Simulated motion of an oblate and prolate spinning spheroid

[Russ Edmonds]

TL;DR

Equations of motion for a spinning spheroid where implemented in a Blender Python script and a video displaying the motion was made.

Equations of motion for a spinning spheroid [1] where implemented in a Blender Python script.

1. H. K. Moffatt, Y. Shimomura and M. Branicki 2004 Dynamics of an axisymmetric body spinning on a horizontal surface I. Stability and the gyroscopic approximation.

 

[yisyelkencisi]

hi,

i have a question regarding the "gyroscopic approximation" mentioned in the video. since friction (μ = 0.2) is present, the angular velocity will inevitably decrease over time. at what point does this approximation lose its validity?

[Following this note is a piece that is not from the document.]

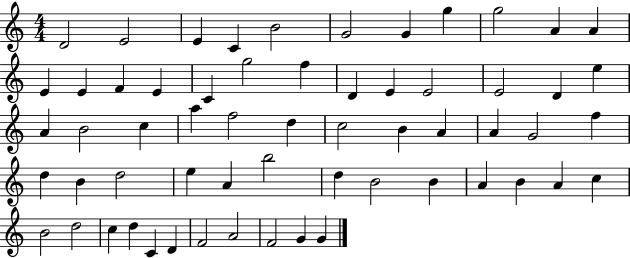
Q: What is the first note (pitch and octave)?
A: D4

specifically, once the rotation drops below a certain critical speed, should we expect a bifurcation or a transition into more erratic motion (like tumbling) depending on the geometry (oblate vs. prolate), or does the system tend to maintain stable precession until it comes to a rest? i'm curious how the script handles the physics as the "gyroscopic dominance" fades away. does the simulation switch to a more complete rigid body integrator to handle the low-speed dynamics, or does it stay within the approximation until the very end?

thanks in advance for any insights!

(i understand the physics intuitively, but i'm not very well-versed in the formal math behind it. i'd love a simplified explanation if possible.)